(Beginning of Entries shown)

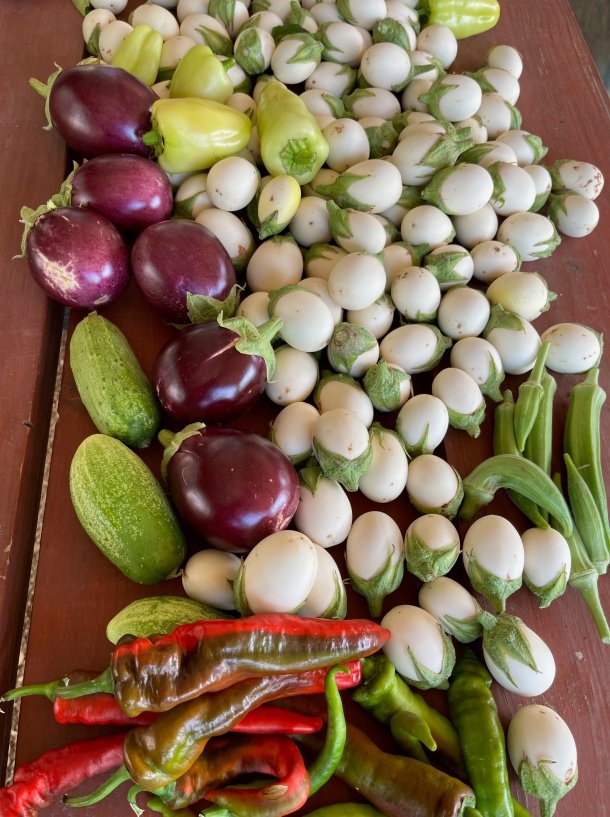 Growing Eggplant in Texas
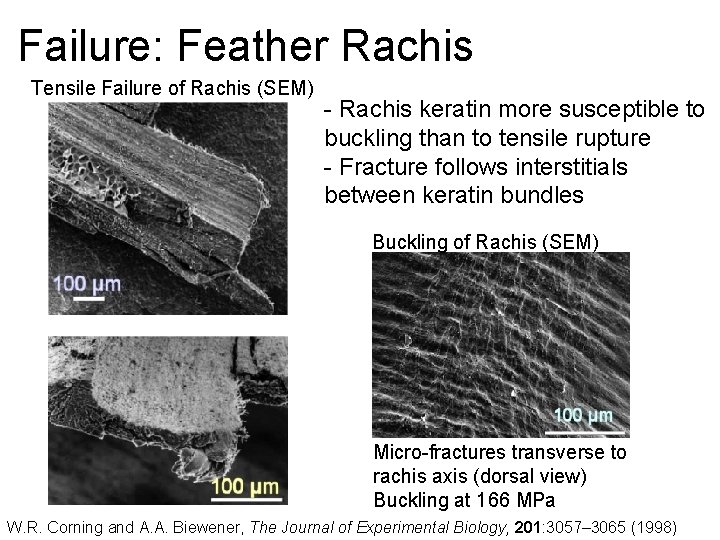 Failure: Feather Rachis Tensile Failure of Rachis (SEM) - Rachis keratin more susceptible to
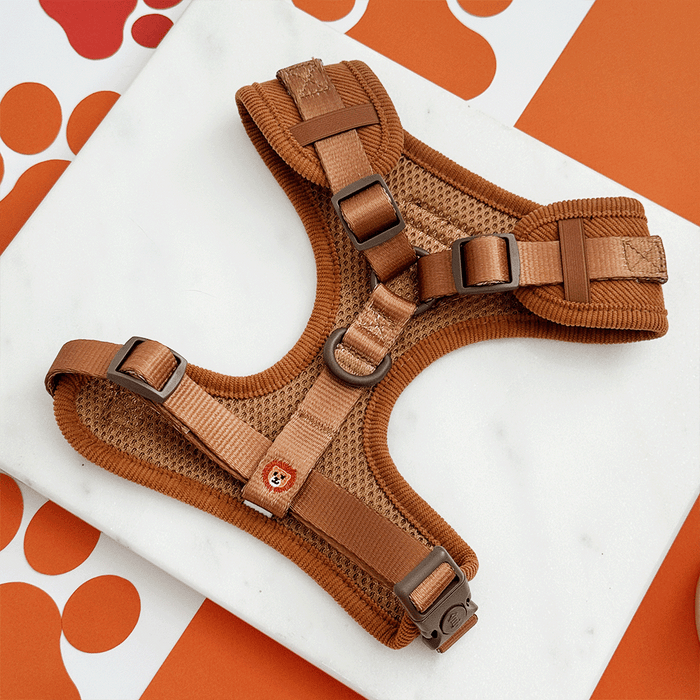 A brown / orange corduroy dog harness, with embroidered lion faces. With brown hardware.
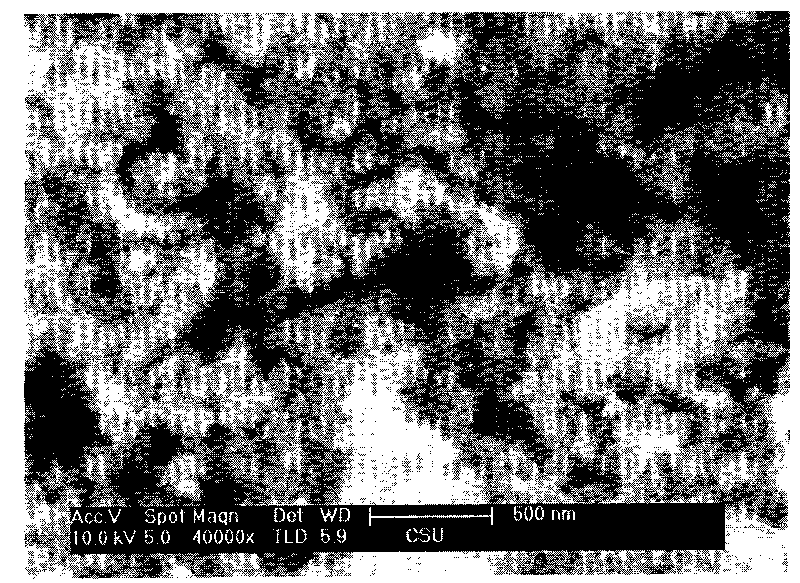 Method for preparing mono-disperse molybdenum disulfide nano sheet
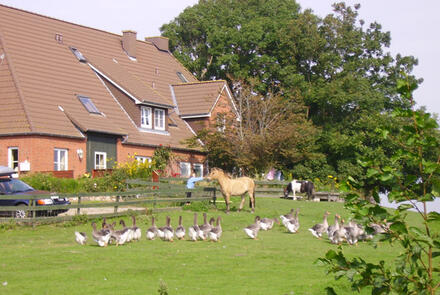 Ferienhof Op de Warft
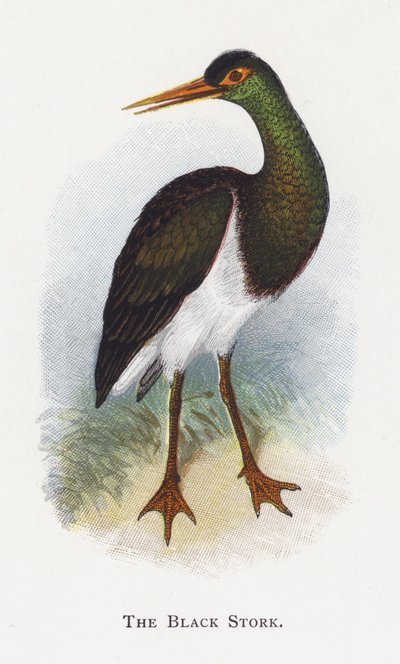 De Zwarte Ooievaar door Alexander Francis Lydon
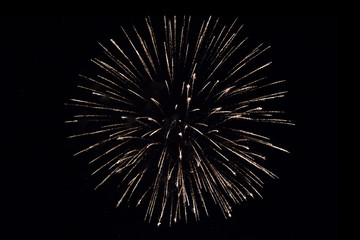 Fototapeta premium Colorful fireworks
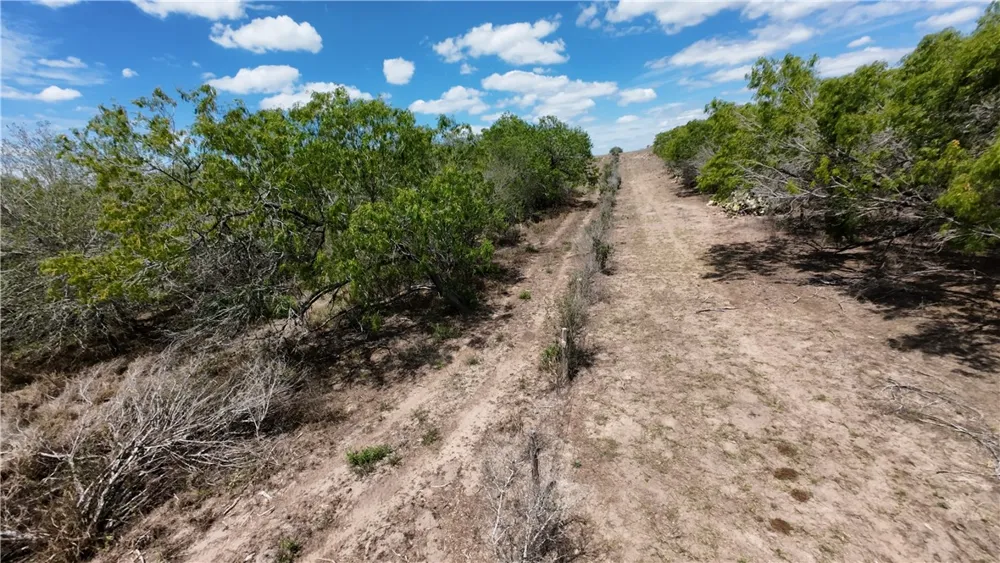 FM 534 Sandia, TX 78383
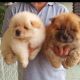 Chow Chow Puppies for sale in Virginia Beach, VA, USA. price: NA
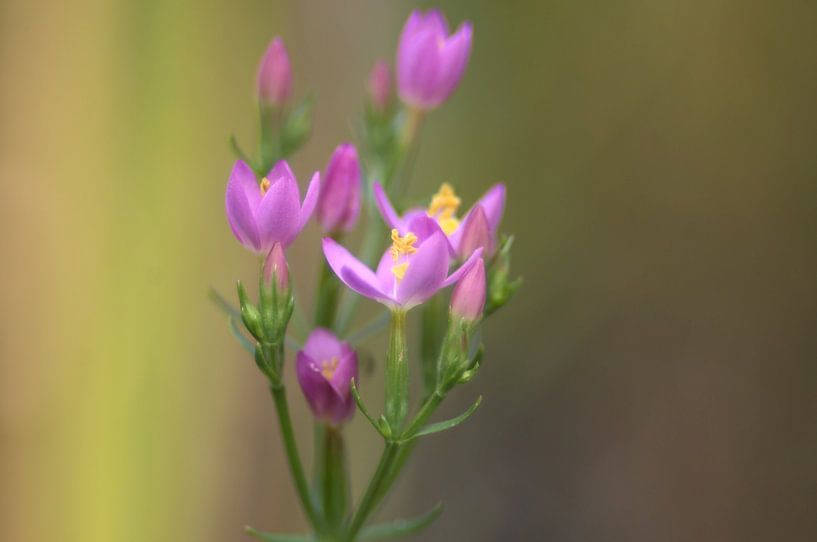 meadow flower with soft bokeh by Daniel Dorst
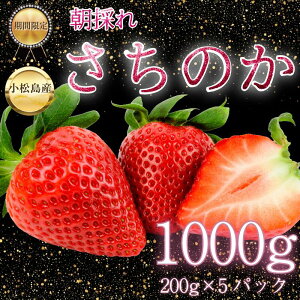 �y�ӂ邳�Ɣ[�Łz �y2026�N2�����{���������z�@�����̂� ������ 1kg~1.6kg � �C�`�S �X�g���x���[ strawberry �t���[�c �ʕ� �{ ���ʌ��� ���Ԍ��� �Y�n���� ichigo �������s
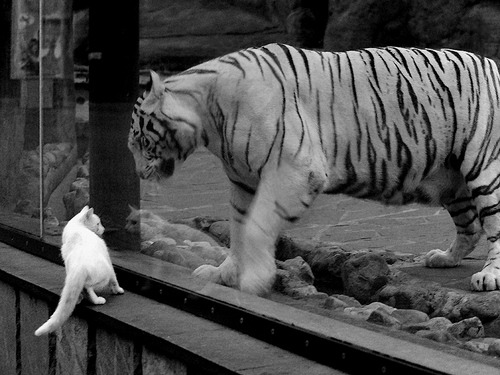 开云体育全站-掩护战术节奏是否能拉动整体防线位移，掩护配合战术的方法和运用  第3张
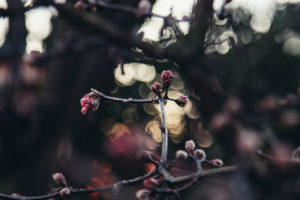 Plant detail, flower buds on the tree, close-up Plant detail, flower buds on the tree, close-up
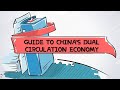 Understanding China's Dual Circulation Economy
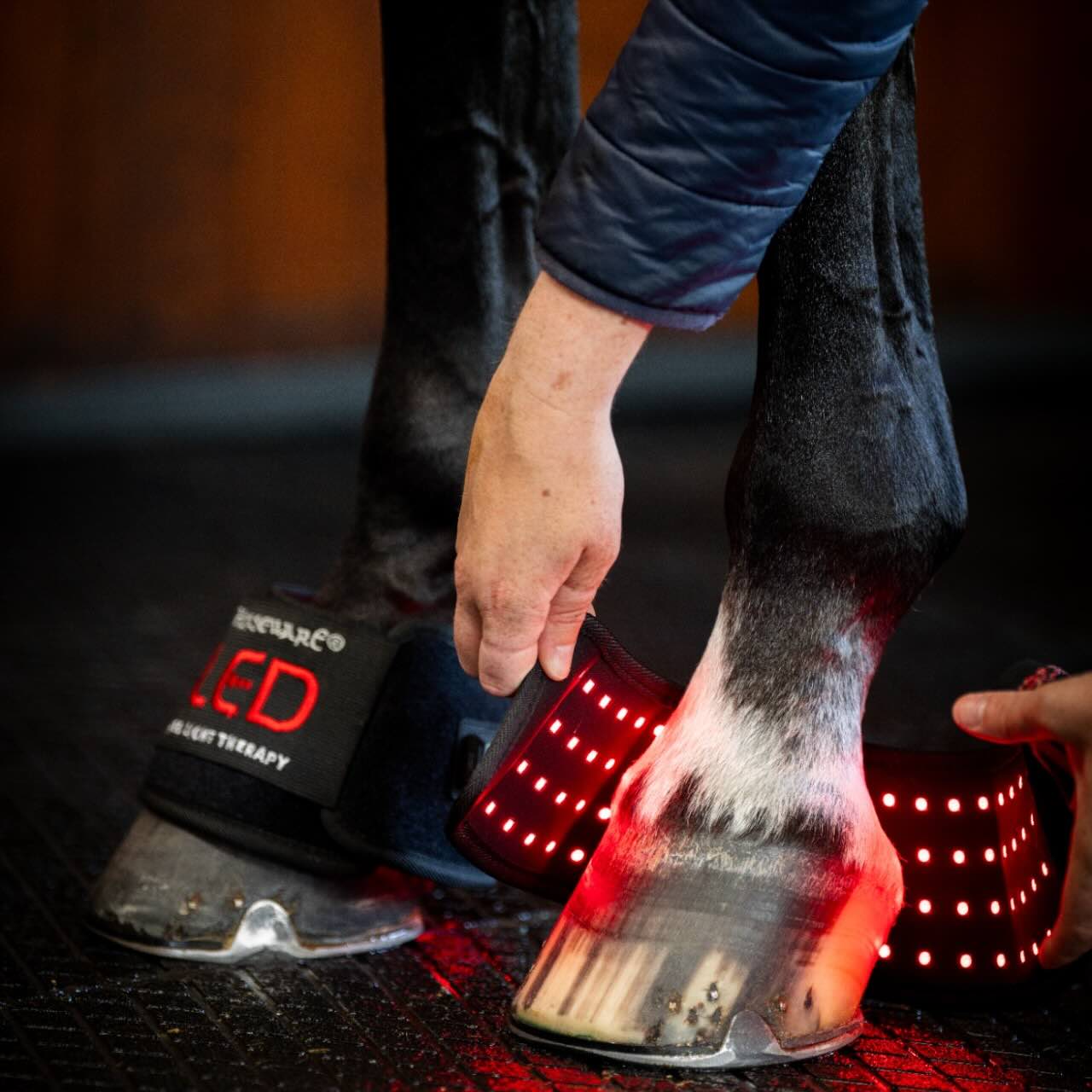 Horseware Ireland Minigamasche für LED-Rotlicht-Therapie, Produkt allein an Pferdebeinen mit rotem Licht.
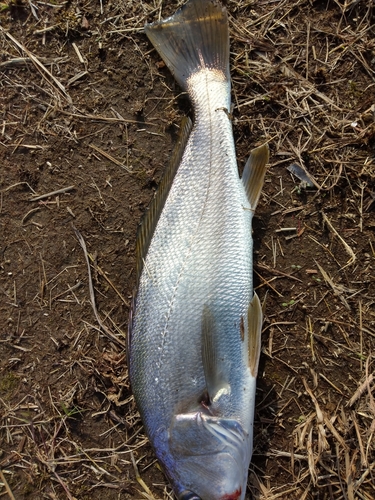 ニベの釣果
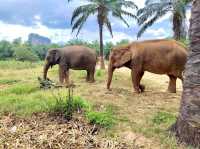 Krabi Elephant House Sanctuary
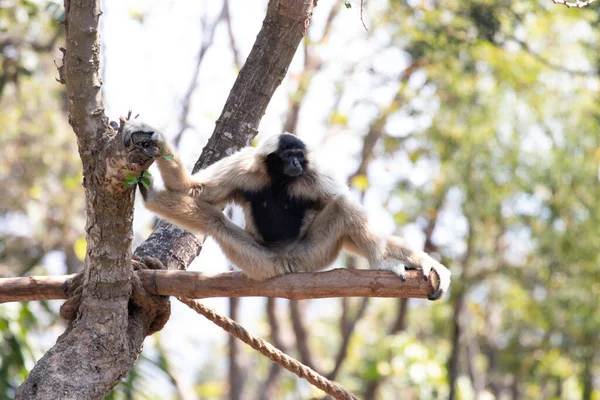 Gibbon Marrone Divertente Giocoso Sull Albero — Foto Stock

(End of Entries shown)

Output the data above exactly, excluding images.

**Task output**
 Growing Eggplant in Texas
 Failure: Feather Rachis Tensile Failure of Rachis (SEM) - Rachis keratin more susceptible to
 A brown / orange corduroy dog harness, with embroidered lion faces. With brown hardware.
 Method for preparing mono-disperse molybdenum disulfide nano sheet
 Ferienhof Op de Warft
 De Zwarte Ooievaar door Alexander Francis Lydon
 Fototapeta premium Colorful fireworks
 FM 534 Sandia, TX 78383
 Chow Chow Puppies for sale in Virginia Beach, VA, USA. price: NA
 meadow flower with soft bokeh by Daniel Dorst
 �y�ӂ邳�Ɣ[�Łz �y2026�N2�����{���������z�@�����̂� ������ 1kg~1.6kg � �C�`�S �X�g���x���[ strawberry �t���[�c �ʕ� �{ ���ʌ��� ���Ԍ��� �Y�n���� ichigo �������s
 开云体育全站-掩护战术节奏是否能拉动整体防线位移，掩护配合战术的方法和运用  第3张
 Plant detail, flower buds on the tree, close-up Plant detail, flower buds on the tree, close-up
 Understanding China's Dual Circulation Economy
 Horseware Ireland Minigamasche für LED-Rotlicht-Therapie, Produkt allein an Pferdebeinen mit rotem Licht.
 ニベの釣果
 Krabi Elephant House Sanctuary
 Gibbon Marrone Divertente Giocoso Sull Albero — Foto Stock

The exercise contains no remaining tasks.